Task description:
Any pictures in the records below must be left out when you repeat the lines from the line containing "Under Armour Wollen" through the line containing "3 Bedroom Semi-detached" exactly.

== Segment start ==

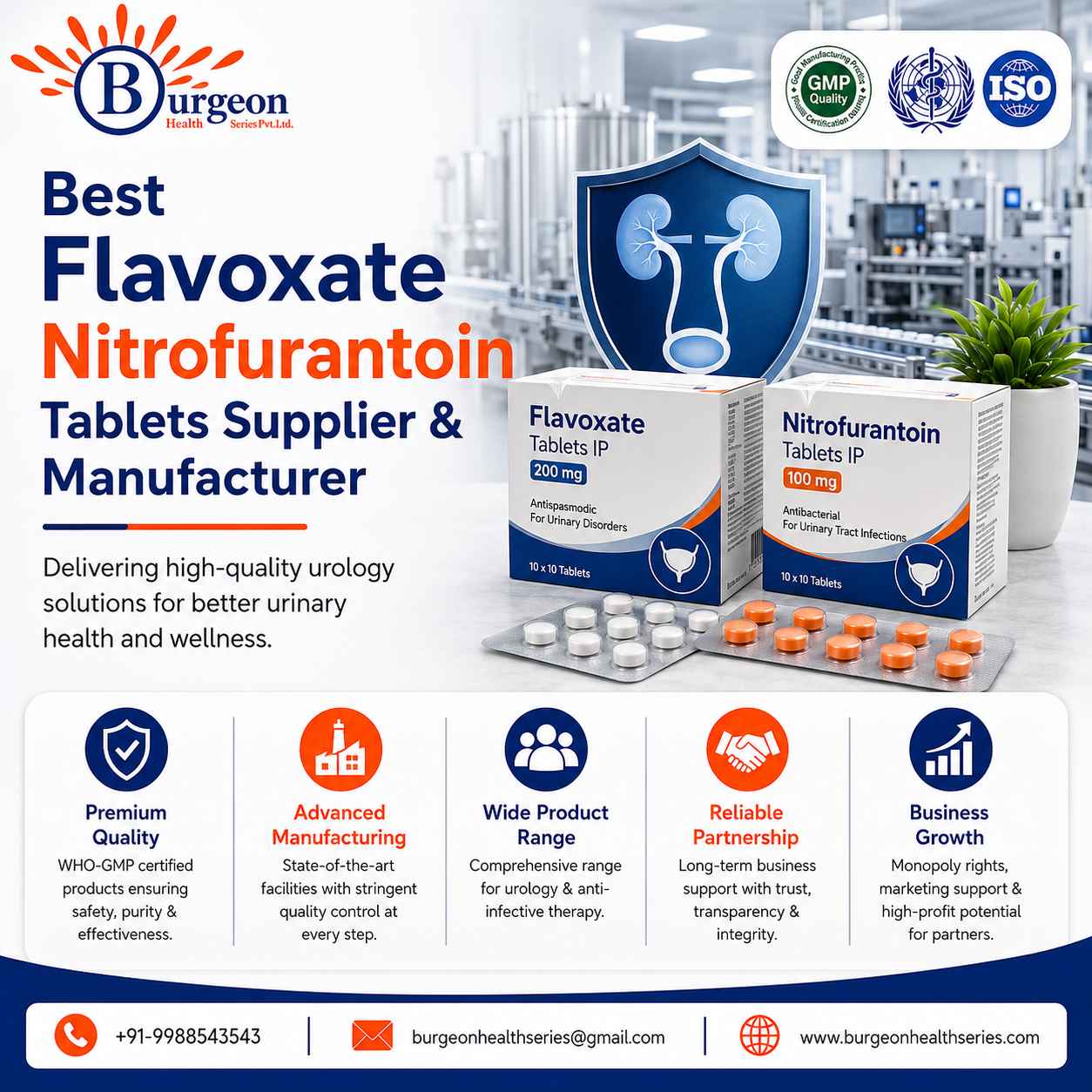 best flavoxate nitrofurantoin tablets supplier manufacturer
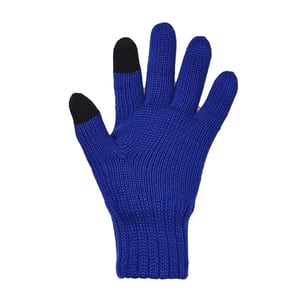 Under Armour Wollen handschoenen met touchscreen voor heren (Blauw)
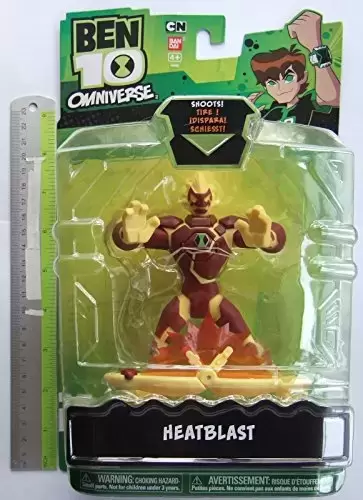 Ben 10 Omniverse - Heatblast (Feature Figure)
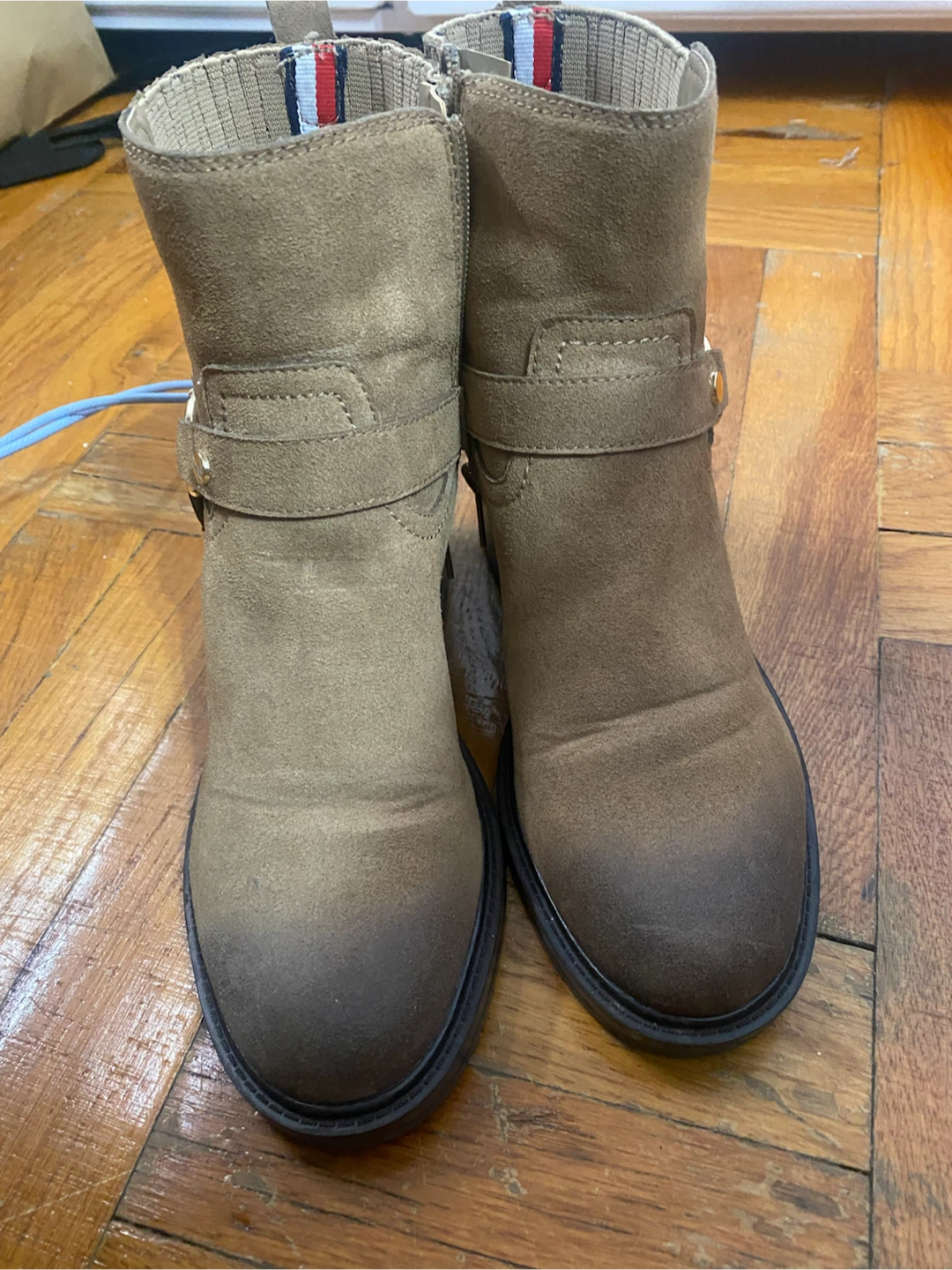 Tommy Hilfiger Suede Ankle Boots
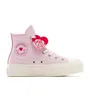Chaussures Femme CHUCK TAYLOR ALL STAR LIFT Rose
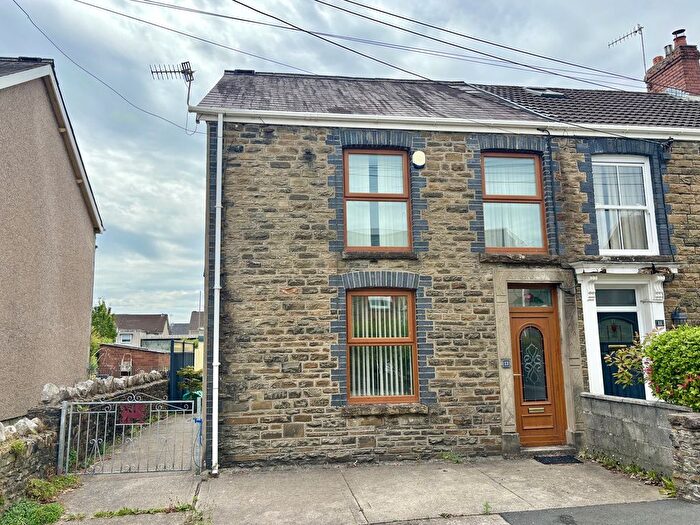 3 Bedroom Semi-detached House For Sale In George Street, Pontardawe, Swansea., SA8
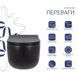 Унітаз підвісний Qtap Taurus безободковий з сидінням Soft-close QT2433084EUQMB SD00051553 фото 13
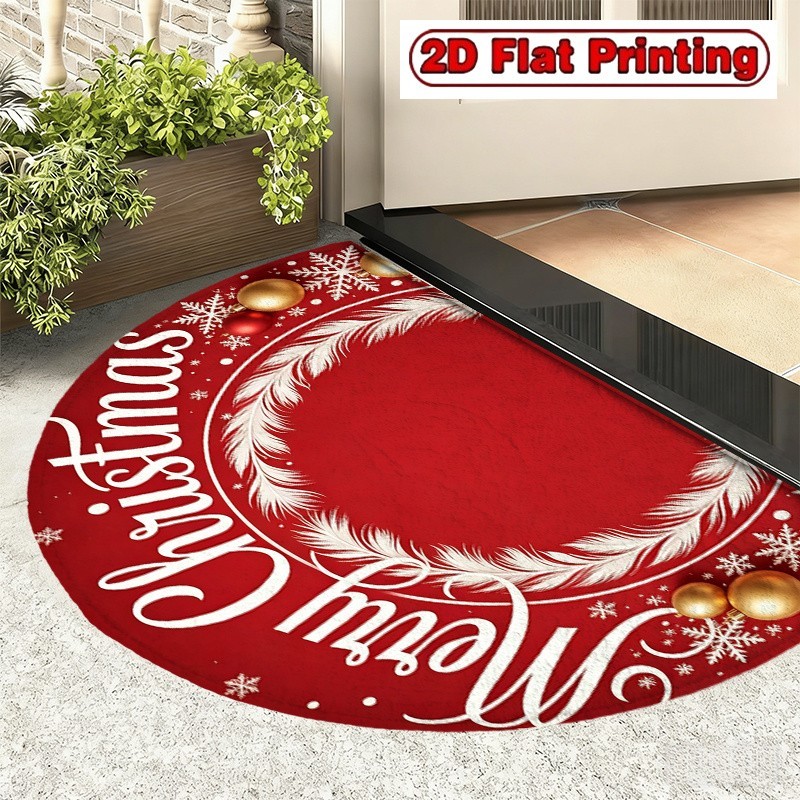 Nouveau paillasson demi-rond m - Outdoor Camping Floor Mat avis et prix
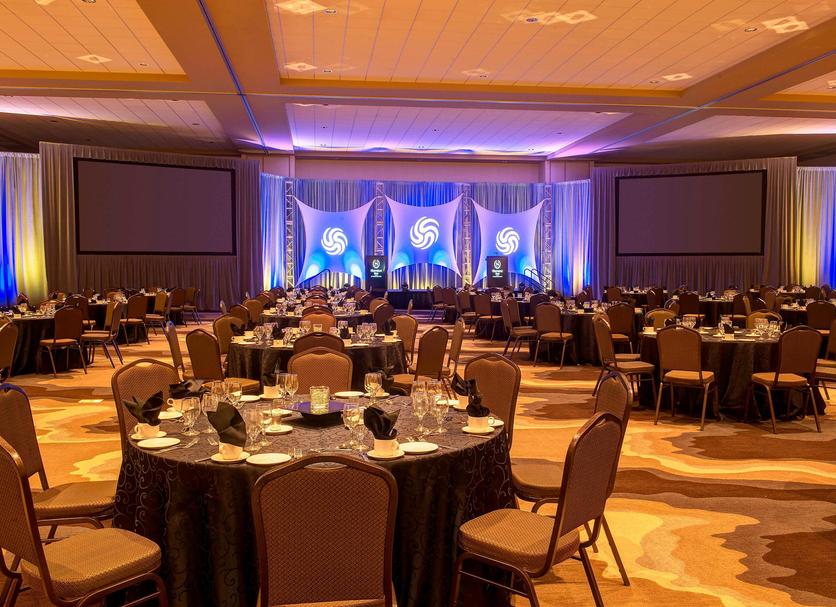 Banquet hall Photo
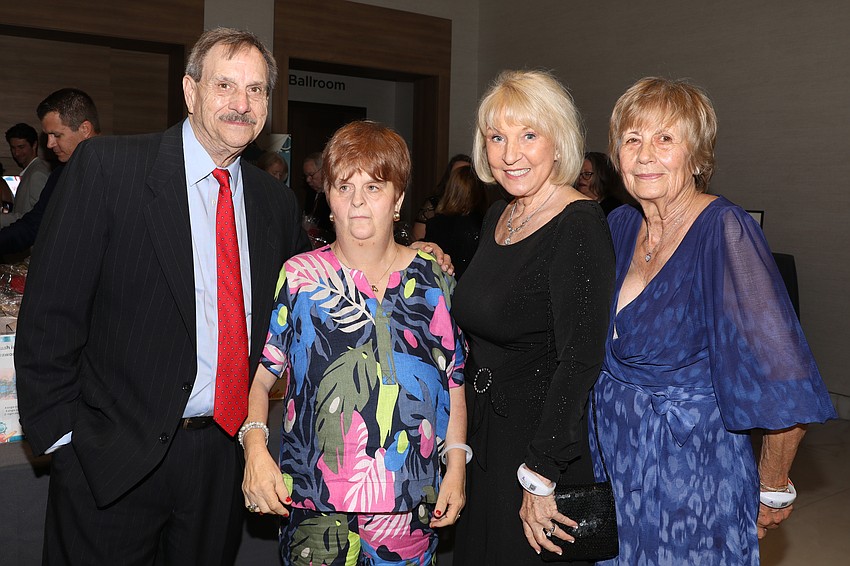 Craig Spicher, TIna Henderson, Marsha Spicher and Sharon Henderson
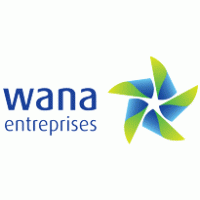 wana entreprise_color logo vector logo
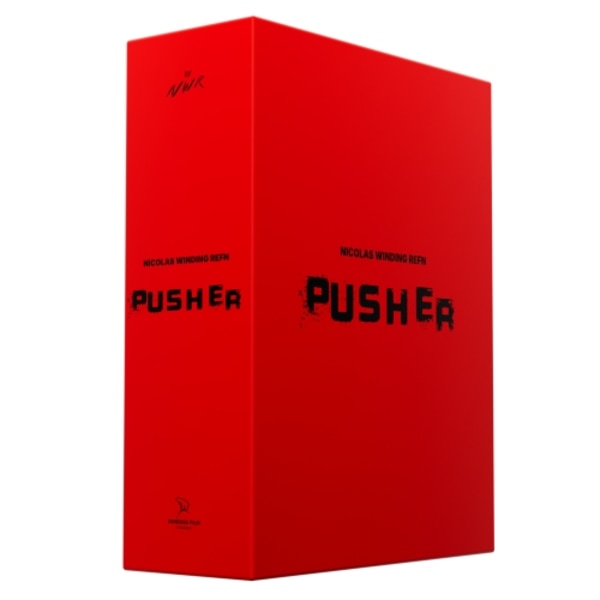 PUSHER - 4K Bluray - 7 disc box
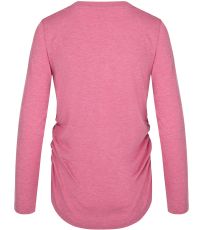 Damski t-shirt funkcyjny BAXANA LOAP Pink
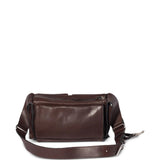 Brown bag, back view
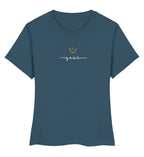 JESUS IS KING FRAUEN SHIRT (italienisch) - Damen Premium Organic Shirt Stella Muser Shirt ST/ST Shirtee Stargazer XS 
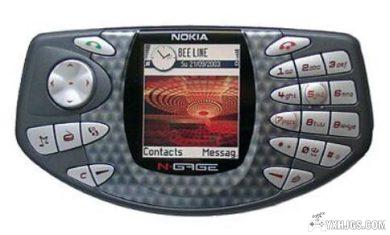 20年前可运行古墓丽影的全球首款游戏手机，我是有多么的爱不释手-围炉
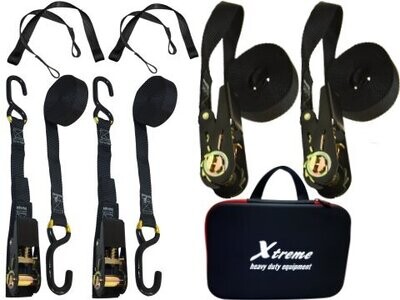 Xtreme Cargo Straps Kit 2 fissaggio bagagli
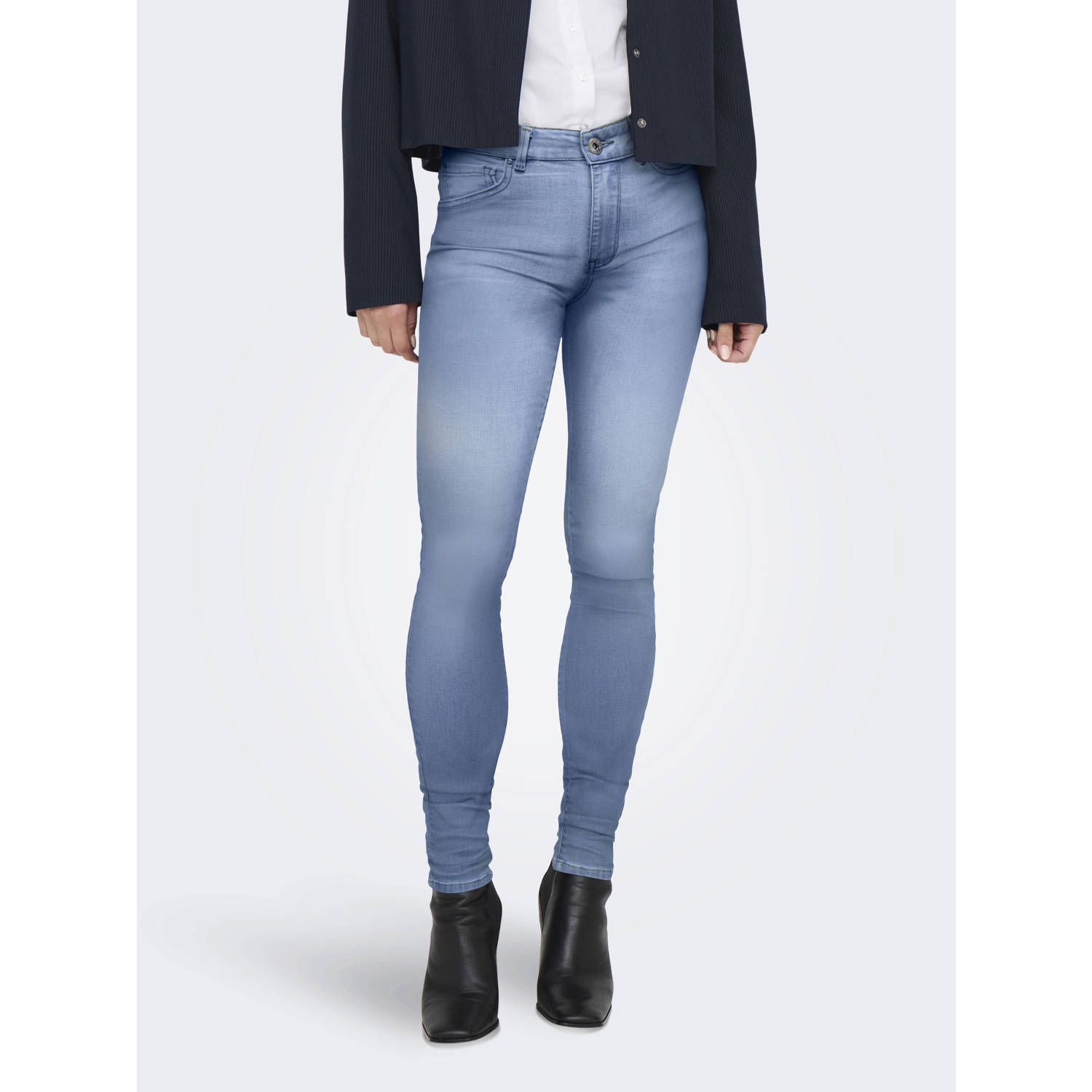 ONLY skinny jeans ONLLUSH medium blue denim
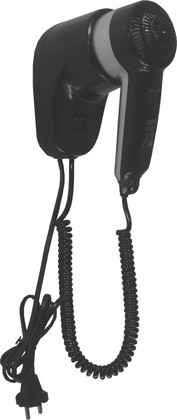 Фен для волос Mediclinics, с выключателем, ABS-пластик, серебристый, чёрный SC0010CS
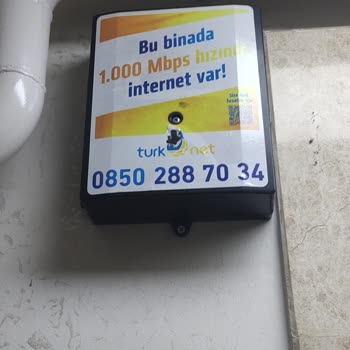 TurkNet İnternet Alt Yapi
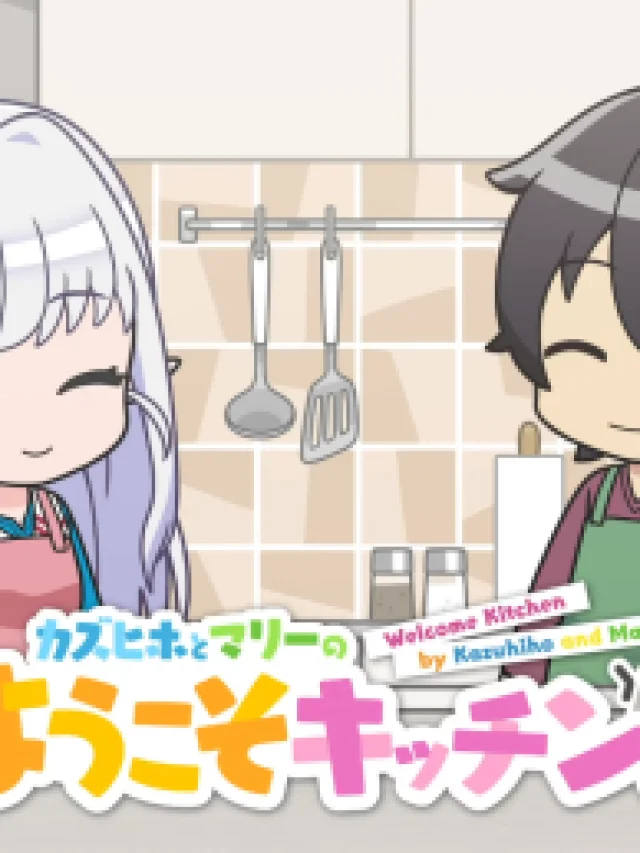 Kazuhiho to Marie no Youkoso Kitchen.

== Segment end ==

Task result:
 Under Armour Wollen handschoenen met touchscreen voor heren (Blauw)
 Ben 10 Omniverse - Heatblast (Feature Figure)
 Tommy Hilfiger Suede Ankle Boots
Chaussures Femme CHUCK TAYLOR ALL STAR LIFT Rose
 3 Bedroom Semi-detached House For Sale In George Street, Pontardawe, Swansea., SA8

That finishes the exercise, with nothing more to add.